DATA FOR THIS TASK Block Start

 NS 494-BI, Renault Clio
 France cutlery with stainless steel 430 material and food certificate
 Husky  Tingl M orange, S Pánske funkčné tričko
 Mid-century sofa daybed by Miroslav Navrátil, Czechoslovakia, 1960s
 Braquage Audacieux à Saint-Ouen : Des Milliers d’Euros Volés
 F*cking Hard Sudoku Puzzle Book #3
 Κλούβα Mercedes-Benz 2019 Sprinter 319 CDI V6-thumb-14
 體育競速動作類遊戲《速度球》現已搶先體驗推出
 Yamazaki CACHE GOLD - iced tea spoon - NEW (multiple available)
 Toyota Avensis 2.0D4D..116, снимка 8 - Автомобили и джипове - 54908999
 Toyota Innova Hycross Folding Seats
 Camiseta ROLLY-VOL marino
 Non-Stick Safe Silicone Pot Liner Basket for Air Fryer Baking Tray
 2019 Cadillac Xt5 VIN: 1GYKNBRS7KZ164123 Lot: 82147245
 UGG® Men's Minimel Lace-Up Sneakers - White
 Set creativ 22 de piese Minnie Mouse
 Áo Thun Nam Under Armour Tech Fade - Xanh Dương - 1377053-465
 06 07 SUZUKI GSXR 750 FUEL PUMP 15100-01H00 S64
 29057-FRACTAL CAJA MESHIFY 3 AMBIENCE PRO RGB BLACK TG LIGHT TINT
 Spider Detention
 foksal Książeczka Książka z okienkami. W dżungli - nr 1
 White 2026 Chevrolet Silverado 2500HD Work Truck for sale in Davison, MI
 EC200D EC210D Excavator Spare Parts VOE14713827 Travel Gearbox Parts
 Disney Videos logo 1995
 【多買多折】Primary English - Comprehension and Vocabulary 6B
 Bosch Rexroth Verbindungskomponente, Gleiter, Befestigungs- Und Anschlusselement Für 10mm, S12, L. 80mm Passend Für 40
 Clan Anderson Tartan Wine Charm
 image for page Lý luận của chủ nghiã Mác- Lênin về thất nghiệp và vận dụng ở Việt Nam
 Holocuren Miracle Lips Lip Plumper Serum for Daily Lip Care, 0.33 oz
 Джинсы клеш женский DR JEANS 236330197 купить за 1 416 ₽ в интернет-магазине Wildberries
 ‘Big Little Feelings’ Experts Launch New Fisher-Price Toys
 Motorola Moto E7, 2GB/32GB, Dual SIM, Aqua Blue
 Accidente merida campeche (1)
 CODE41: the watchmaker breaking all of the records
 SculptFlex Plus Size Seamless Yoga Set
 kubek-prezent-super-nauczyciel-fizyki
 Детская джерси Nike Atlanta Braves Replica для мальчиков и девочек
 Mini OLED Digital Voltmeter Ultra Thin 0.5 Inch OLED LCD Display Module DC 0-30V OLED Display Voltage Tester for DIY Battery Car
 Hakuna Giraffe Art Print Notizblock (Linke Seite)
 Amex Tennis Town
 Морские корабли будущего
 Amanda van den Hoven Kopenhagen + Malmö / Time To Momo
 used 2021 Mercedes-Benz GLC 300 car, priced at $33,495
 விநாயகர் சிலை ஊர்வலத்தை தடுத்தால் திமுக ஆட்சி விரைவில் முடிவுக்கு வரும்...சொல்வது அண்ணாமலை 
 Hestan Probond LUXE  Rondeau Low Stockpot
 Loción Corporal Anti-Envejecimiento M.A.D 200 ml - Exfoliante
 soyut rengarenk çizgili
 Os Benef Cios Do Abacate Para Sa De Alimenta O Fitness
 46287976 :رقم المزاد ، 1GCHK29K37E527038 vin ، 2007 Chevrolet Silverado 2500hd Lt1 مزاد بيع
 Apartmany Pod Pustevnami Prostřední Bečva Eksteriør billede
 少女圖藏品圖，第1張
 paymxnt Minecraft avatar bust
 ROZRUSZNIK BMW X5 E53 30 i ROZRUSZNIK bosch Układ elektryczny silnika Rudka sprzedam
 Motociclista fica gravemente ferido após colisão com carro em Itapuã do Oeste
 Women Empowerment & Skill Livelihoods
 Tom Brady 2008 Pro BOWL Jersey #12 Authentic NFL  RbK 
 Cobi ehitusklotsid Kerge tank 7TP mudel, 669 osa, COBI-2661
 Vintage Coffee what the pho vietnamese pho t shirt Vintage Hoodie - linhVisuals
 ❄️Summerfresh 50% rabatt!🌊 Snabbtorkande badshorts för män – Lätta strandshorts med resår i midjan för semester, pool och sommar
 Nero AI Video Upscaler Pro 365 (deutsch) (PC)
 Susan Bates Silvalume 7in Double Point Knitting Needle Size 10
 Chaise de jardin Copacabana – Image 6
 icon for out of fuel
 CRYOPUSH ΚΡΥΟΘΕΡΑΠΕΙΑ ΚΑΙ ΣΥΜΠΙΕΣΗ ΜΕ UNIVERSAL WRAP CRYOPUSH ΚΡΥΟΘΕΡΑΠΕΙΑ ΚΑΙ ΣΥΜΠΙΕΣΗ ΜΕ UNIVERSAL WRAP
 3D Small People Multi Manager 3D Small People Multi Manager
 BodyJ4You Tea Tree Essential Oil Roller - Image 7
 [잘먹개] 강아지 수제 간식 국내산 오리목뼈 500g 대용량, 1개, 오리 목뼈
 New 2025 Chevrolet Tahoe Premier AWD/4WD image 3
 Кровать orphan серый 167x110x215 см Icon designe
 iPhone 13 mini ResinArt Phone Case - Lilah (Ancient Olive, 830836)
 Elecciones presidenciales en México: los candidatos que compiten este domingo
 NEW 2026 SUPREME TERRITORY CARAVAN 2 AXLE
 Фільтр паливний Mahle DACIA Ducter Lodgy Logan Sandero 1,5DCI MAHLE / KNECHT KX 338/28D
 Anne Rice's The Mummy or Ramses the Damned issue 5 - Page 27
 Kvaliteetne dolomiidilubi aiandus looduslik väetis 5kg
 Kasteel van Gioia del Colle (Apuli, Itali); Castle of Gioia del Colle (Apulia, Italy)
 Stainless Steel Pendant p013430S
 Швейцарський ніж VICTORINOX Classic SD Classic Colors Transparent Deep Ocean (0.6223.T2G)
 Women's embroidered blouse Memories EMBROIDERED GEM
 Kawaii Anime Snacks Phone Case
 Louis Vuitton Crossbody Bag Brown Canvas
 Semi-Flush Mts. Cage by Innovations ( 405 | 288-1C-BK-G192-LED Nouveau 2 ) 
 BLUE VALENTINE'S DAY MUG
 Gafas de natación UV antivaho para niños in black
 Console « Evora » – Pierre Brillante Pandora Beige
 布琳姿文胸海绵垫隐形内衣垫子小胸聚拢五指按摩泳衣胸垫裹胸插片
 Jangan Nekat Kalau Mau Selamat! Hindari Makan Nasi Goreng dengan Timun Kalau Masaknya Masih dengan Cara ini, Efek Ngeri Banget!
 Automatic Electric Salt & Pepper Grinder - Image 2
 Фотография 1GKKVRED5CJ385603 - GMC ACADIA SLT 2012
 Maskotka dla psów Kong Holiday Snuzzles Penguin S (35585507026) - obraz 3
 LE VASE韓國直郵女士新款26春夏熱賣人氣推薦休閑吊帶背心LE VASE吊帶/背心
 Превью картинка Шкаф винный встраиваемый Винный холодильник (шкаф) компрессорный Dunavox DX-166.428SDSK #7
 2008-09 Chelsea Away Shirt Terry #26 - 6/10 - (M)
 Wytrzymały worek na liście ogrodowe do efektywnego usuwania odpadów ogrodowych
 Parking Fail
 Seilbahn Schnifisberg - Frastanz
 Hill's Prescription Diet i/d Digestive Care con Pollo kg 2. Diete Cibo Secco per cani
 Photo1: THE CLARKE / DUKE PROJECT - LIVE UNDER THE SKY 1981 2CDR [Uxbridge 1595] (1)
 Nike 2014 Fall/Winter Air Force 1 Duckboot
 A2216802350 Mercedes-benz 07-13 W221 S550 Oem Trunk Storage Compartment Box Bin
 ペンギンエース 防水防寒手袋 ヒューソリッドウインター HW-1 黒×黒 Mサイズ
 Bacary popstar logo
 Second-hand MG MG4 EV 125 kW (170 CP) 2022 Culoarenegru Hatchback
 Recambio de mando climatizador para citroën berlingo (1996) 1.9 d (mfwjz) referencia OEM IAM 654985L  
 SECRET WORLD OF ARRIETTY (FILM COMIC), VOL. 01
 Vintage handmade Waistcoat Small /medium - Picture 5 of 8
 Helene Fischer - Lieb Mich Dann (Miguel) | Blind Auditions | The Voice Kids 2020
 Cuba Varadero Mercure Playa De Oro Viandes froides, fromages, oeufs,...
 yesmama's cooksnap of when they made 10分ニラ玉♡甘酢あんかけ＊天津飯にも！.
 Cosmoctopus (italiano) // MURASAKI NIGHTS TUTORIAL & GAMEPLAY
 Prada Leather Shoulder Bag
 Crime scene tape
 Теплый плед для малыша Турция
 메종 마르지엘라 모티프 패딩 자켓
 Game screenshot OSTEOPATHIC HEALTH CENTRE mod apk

DATA FOR THIS TASK Block End

Begin with the first line of the records and finish with the line containing "Clan Anderson Tartan Wine Charm". Reproduce those lines exactly, both ends included, and nothing else.

SOLVED EXERCISE:
 NS 494-BI, Renault Clio
 France cutlery with stainless steel 430 material and food certificate
 Husky  Tingl M orange, S Pánske funkčné tričko
 Mid-century sofa daybed by Miroslav Navrátil, Czechoslovakia, 1960s
 Braquage Audacieux à Saint-Ouen : Des Milliers d’Euros Volés
 F*cking Hard Sudoku Puzzle Book #3
 Κλούβα Mercedes-Benz 2019 Sprinter 319 CDI V6-thumb-14
 體育競速動作類遊戲《速度球》現已搶先體驗推出
 Yamazaki CACHE GOLD - iced tea spoon - NEW (multiple available)
 Toyota Avensis 2.0D4D..116, снимка 8 - Автомобили и джипове - 54908999
 Toyota Innova Hycross Folding Seats
 Camiseta ROLLY-VOL marino
 Non-Stick Safe Silicone Pot Liner Basket for Air Fryer Baking Tray
 2019 Cadillac Xt5 VIN: 1GYKNBRS7KZ164123 Lot: 82147245
 UGG® Men's Minimel Lace-Up Sneakers - White
 Set creativ 22 de piese Minnie Mouse
 Áo Thun Nam Under Armour Tech Fade - Xanh Dương - 1377053-465
 06 07 SUZUKI GSXR 750 FUEL PUMP 15100-01H00 S64
 29057-FRACTAL CAJA MESHIFY 3 AMBIENCE PRO RGB BLACK TG LIGHT TINT
 Spider Detention
 foksal Książeczka Książka z okienkami. W dżungli - nr 1
 White 2026 Chevrolet Silverado 2500HD Work Truck for sale in Davison, MI
 EC200D EC210D Excavator Spare Parts VOE14713827 Travel Gearbox Parts
 Disney Videos logo 1995
 【多買多折】Primary English - Comprehension and Vocabulary 6B
 Bosch Rexroth Verbindungskomponente, Gleiter, Befestigungs- Und Anschlusselement Für 10mm, S12, L. 80mm Passend Für 40
 Clan Anderson Tartan Wine Charm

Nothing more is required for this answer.